The unmodified opinion reflects a year of substantial cleanup, Waggaspach said: auditors proposed about four adjustments this year compared with roughly 30 the prior year, and federal-award findings from earlier audits were cleared. "This was the smoothest one we've had in those three years," he said, adding the firm found only a single repeat internal-control issue tied to compliance with the Local Government Budget Act.
The repeat finding involved one parish fund that exceeded the law's 5% variance threshold; staff and auditors said the council adopted proposed budget amendments but the projections nonetheless breached the tolerance. Waggaspach and finance staff characterized the matter as correctable and said it represented a far smaller set of issues than in the prior audit cycle.

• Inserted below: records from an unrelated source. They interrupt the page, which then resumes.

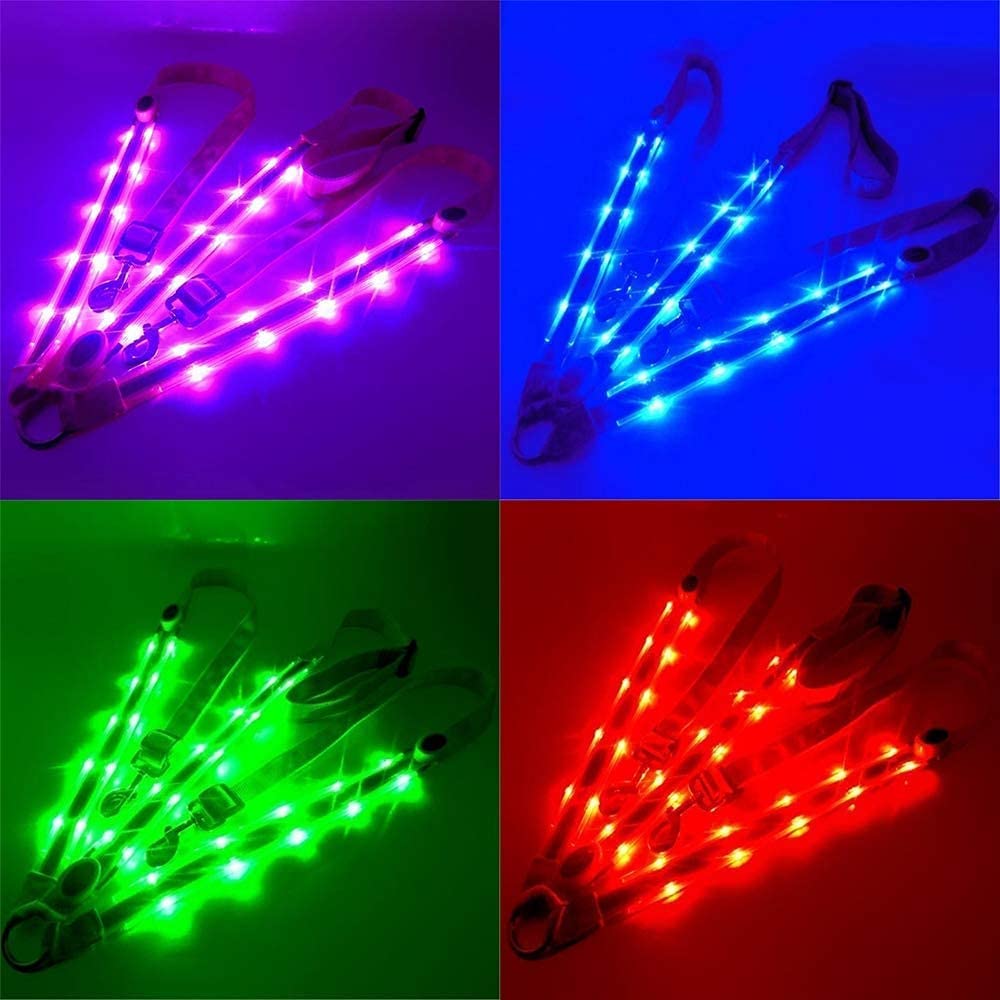 Collier plastron LED pour cheval - Haute visibilité - Équipement de sécurité réglable - Pour équitation de nuit - Bleu
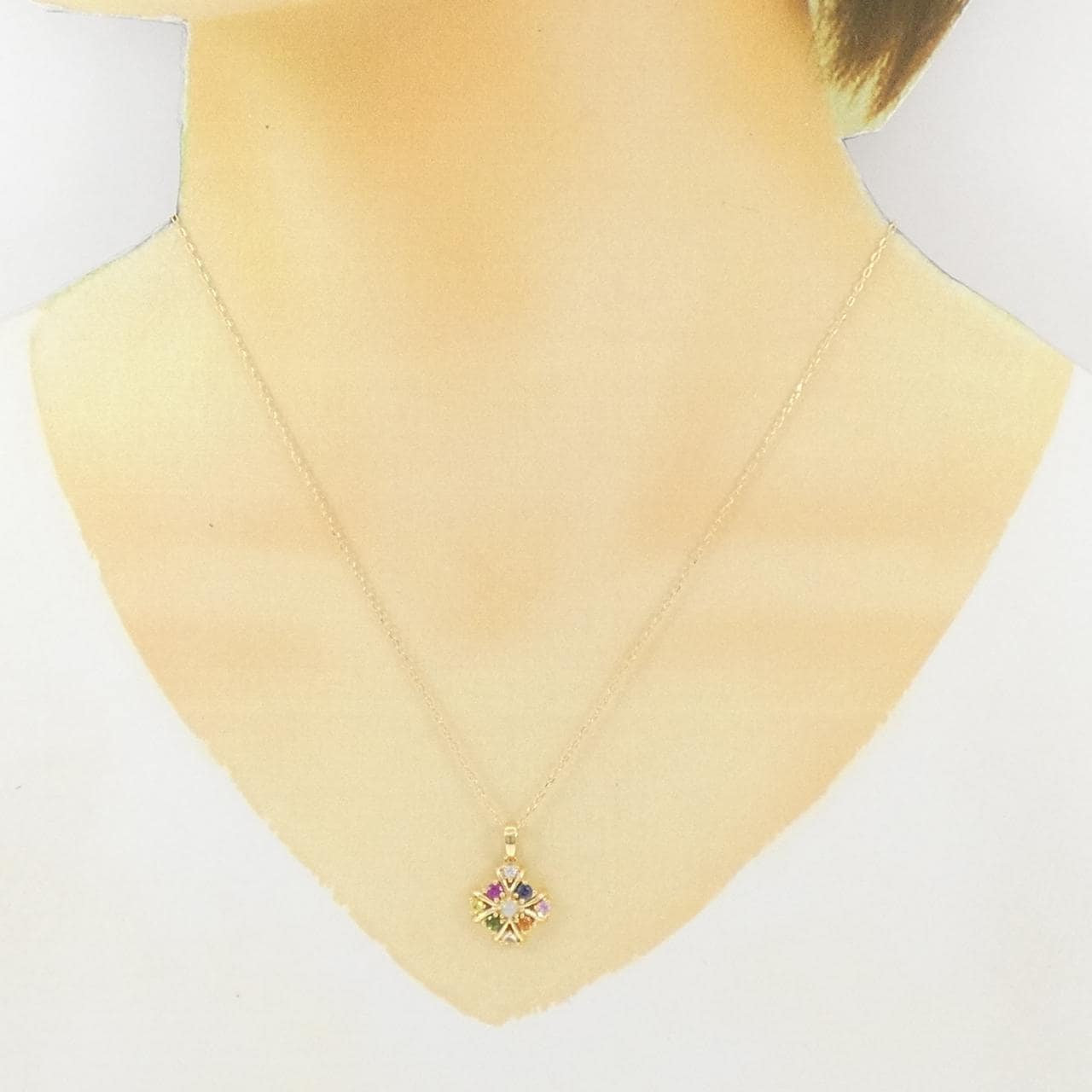 K18YG colored stone necklace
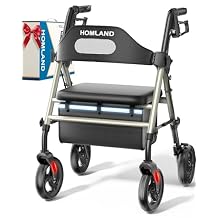 HOMLAND Foldable Rollator Walkers with Seat for Seniors, 8 Big Wheels, 350 lb. Weight Capacity, Adjustable Handles and Seat Height, Lightweight Rolling Walker, Light Gold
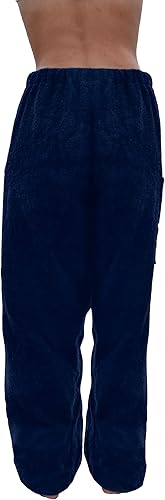 Miniatura 6 de Co. - Pantalones de toalla para nadadores, color azul marino, pantalones de toalla de algodón de rizo de algodón, cobertura de playa, ropa de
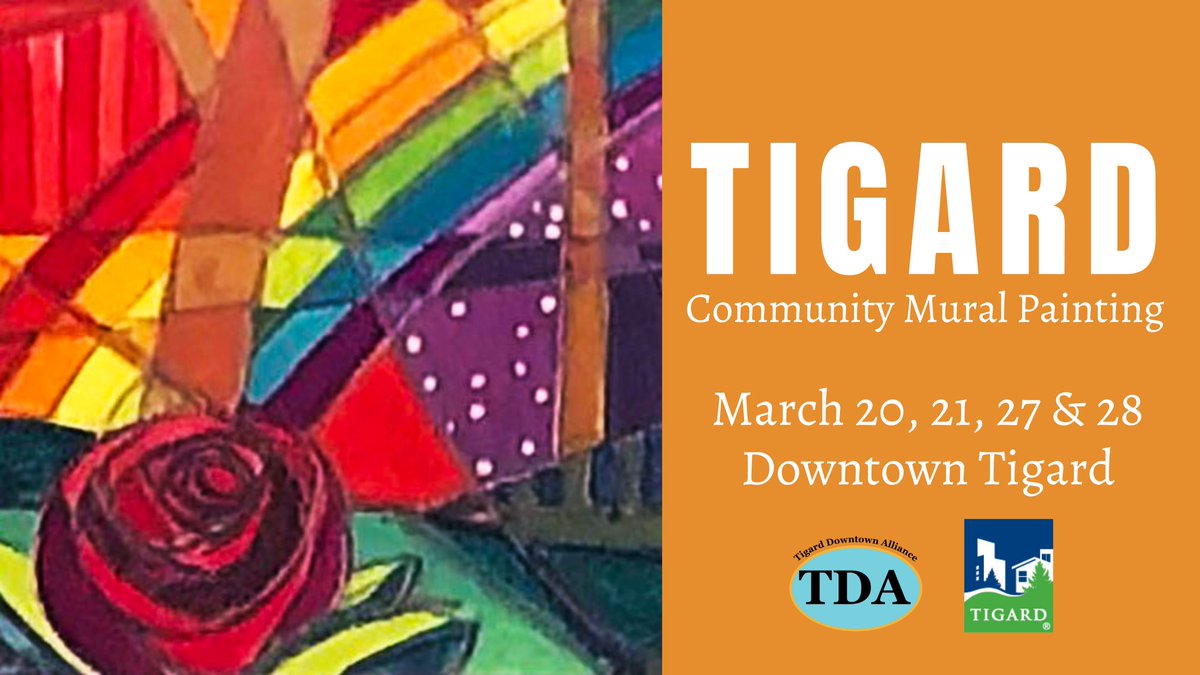 Tigard Community! We need your help in painting the new community mural that will be in Downtown Tigard. Learn more and sign up here: bit.ly/TigardCommunit…

#TigardOregon #DowntownTigard #CommunityArt #art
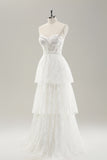 Elegant White Strapless Corset Tiered Long Wedding Dress with Lace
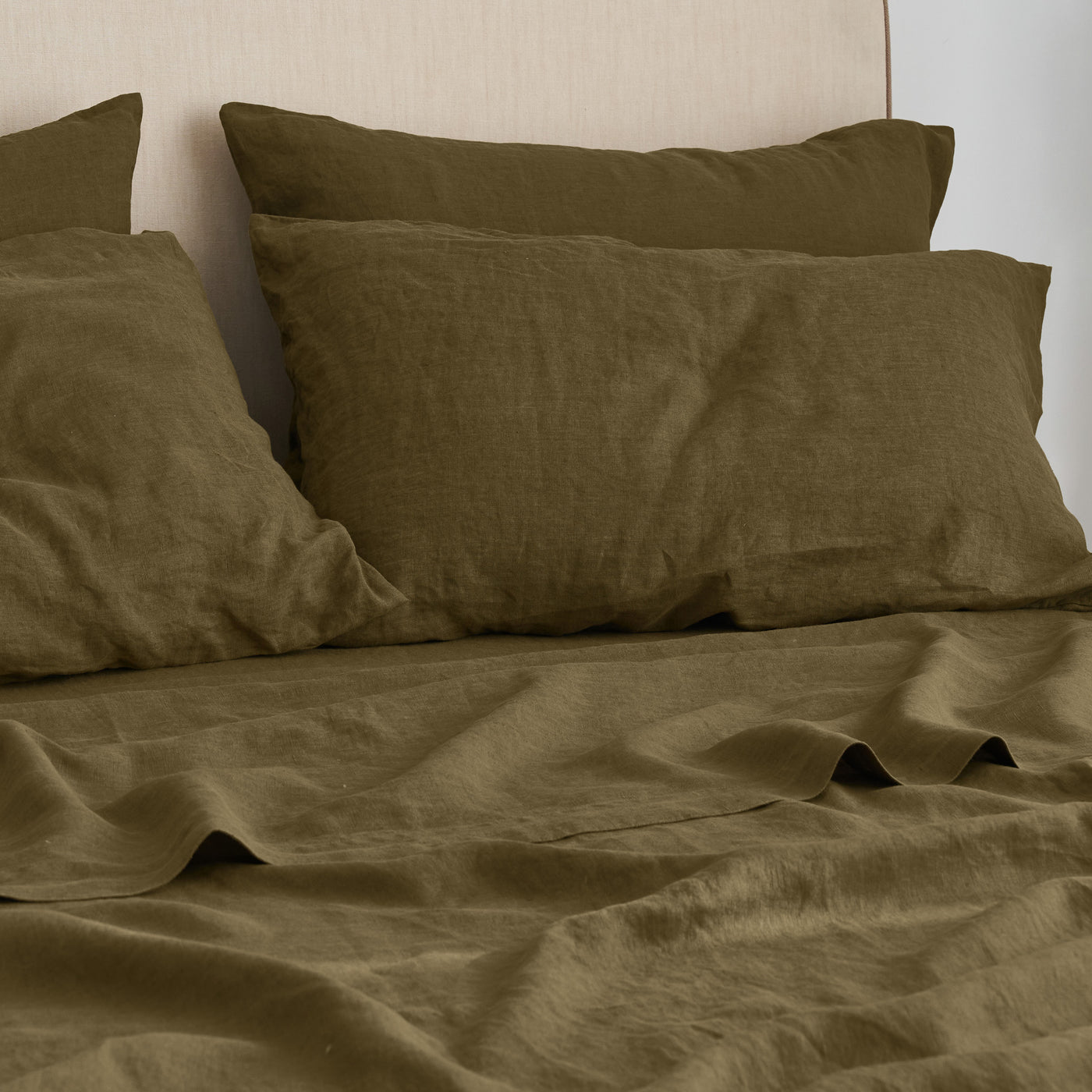 French Flax Linen Flat Sheet in Olive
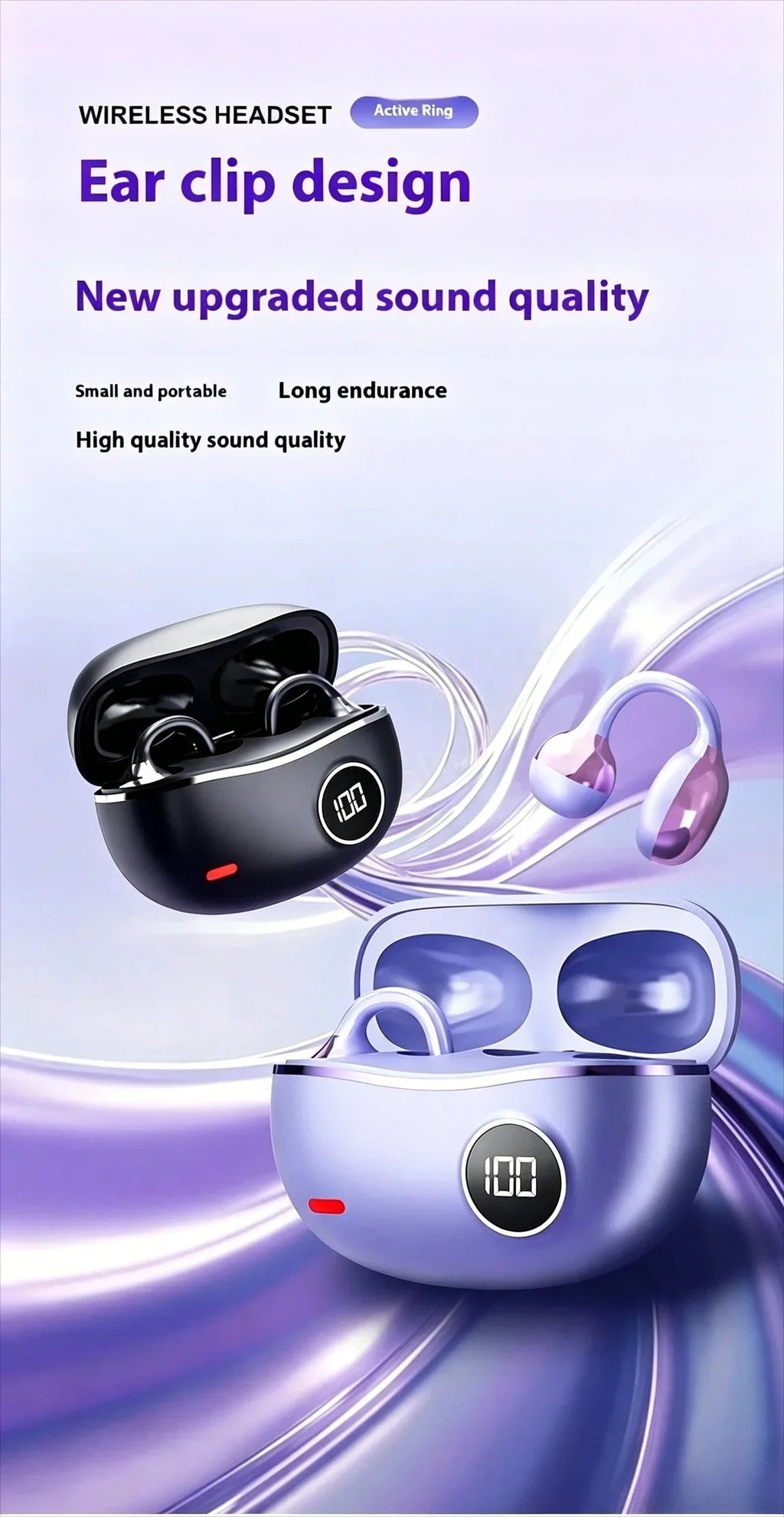 Bluetooth 5.4 Wireless Earphones with Digital Display Dolby-Quality Hi-Fi Audio Dynamic Sound Range and Integrated Call Mic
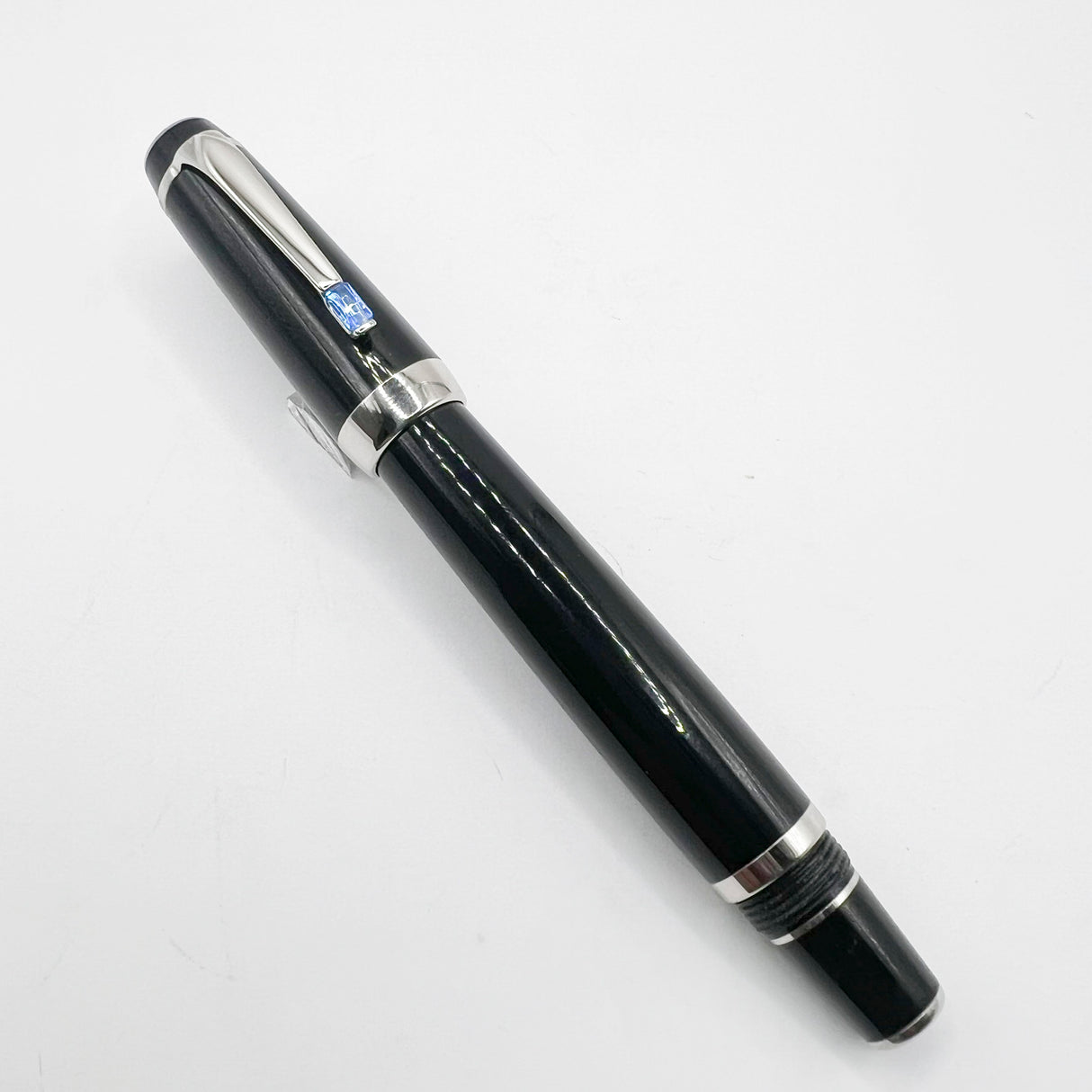 Montblanc Boheme Black Resin Rollerball - Blue Stone in Clip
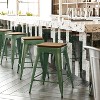 Flash Furniture Kai Commercial Grade 24" High Backless Metal Indoor-Outdoor Counter Height Stool with Poly Resin Wood Seat - 2 of 4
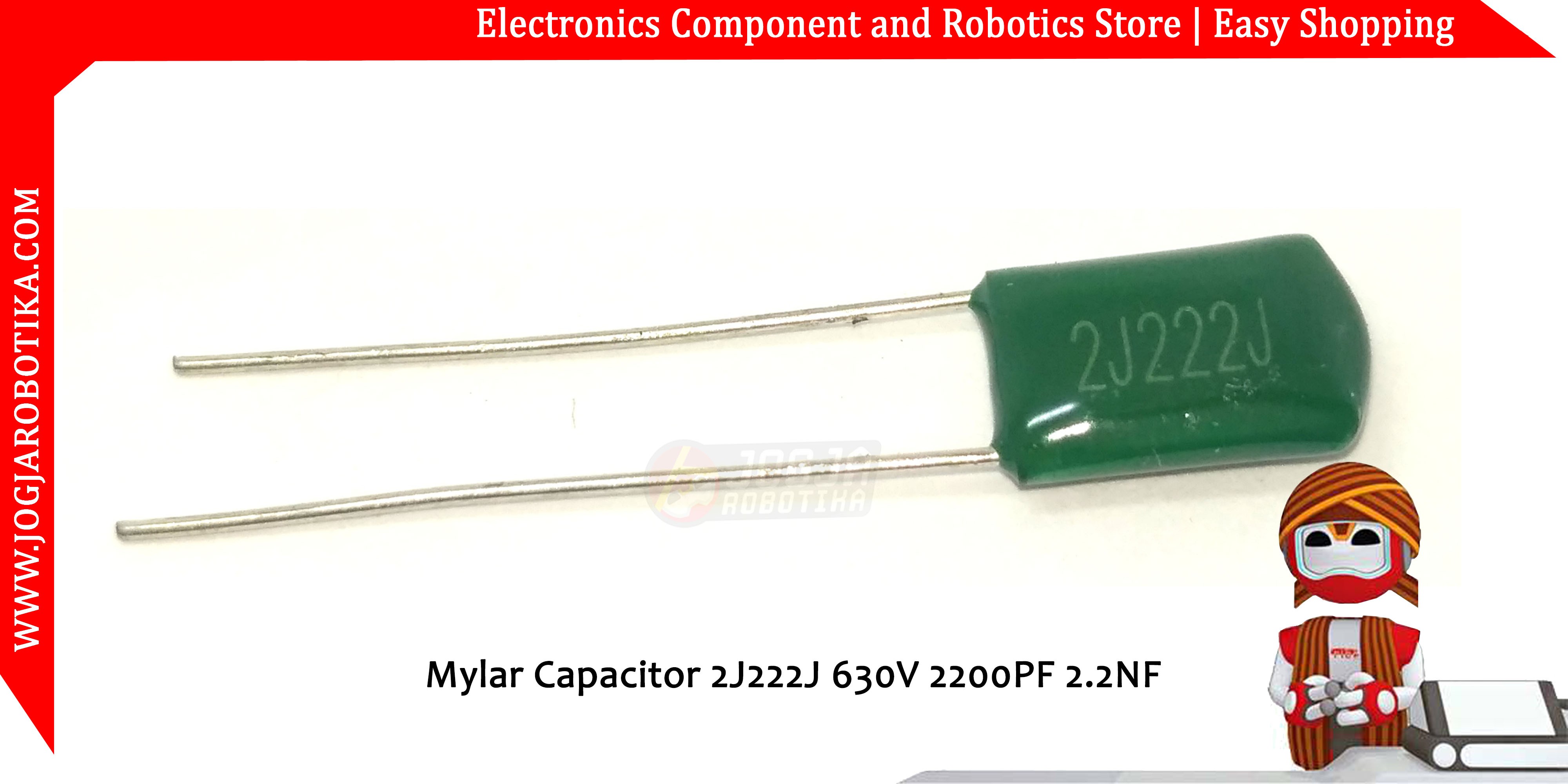 Mylar Capacitor 2J222J 630V 2200PF 2.2NF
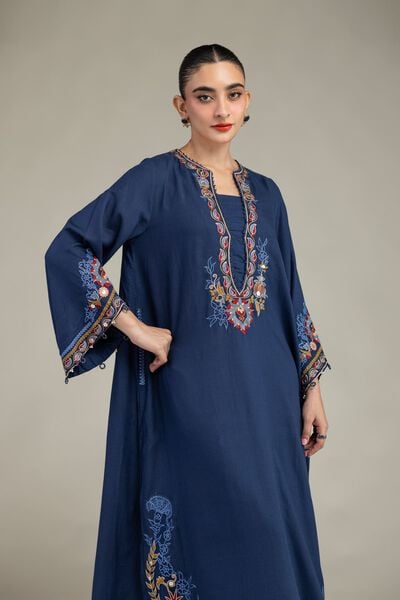 Embroidered | Raw Silk | Floral Navy Kurta | GBP 55.00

Auditors reviewed revenue and spending trends in detail. Total governmental revenues were about $79 million in 2025, Waggaspach said, with roughly $19 million described as unrestricted. Intergovernmental revenue in public works totaled about $18.7 million, driven by road grants, FEMA elevation and acquisition grants, and hazard mitigation grants; remaining ARPA funds recognized in earlier years were largely expended. Sales tax revenue grew from about $29.4 million to about $31.6 million.
Committee members pressed staff on a drop in reported landfill royalty receipts versus prior years. Staff said some receipts had been reclassified between accounting categories and that parish leadership assigned a team to review the matter; parish staff told the committee they had sent a letter to Waste Management and plan to audit the company's gross receipts to confirm compliance with royalty calculations. The committee did not record a formal outcome for that follow-up during the meeting.
The auditors also highlighted the parish's restricted fund structure: roughly $98 million of fund balance is earmarked for construction and road maintenance (largely bond proceeds and road-tax funds), about $16 million was tied to health and welfare-related activities, and roughly $10 million to public safety (including jail-related expenditures). Total governmental fund balance was reported at about $152 million, with roughly $21.5 million unrestricted.
Committee members and auditors praised finance staff for improving documentation, internal controls and timeliness, singling out a staff member named Gina for her role in tracking expenditures and closing prior-year items. Officials said the parish will begin project-management software adoption to replace complex spreadsheets for grant tracking and that architects for an approved sheriff's work-release facility will meet next week; the bond sale proceeds for road work are now being expended in the road program.
The committee received the presentation and had no formal objections; a motion to adjourn was made and carried. The auditors' final signed report will be presented at the committee's next meeting.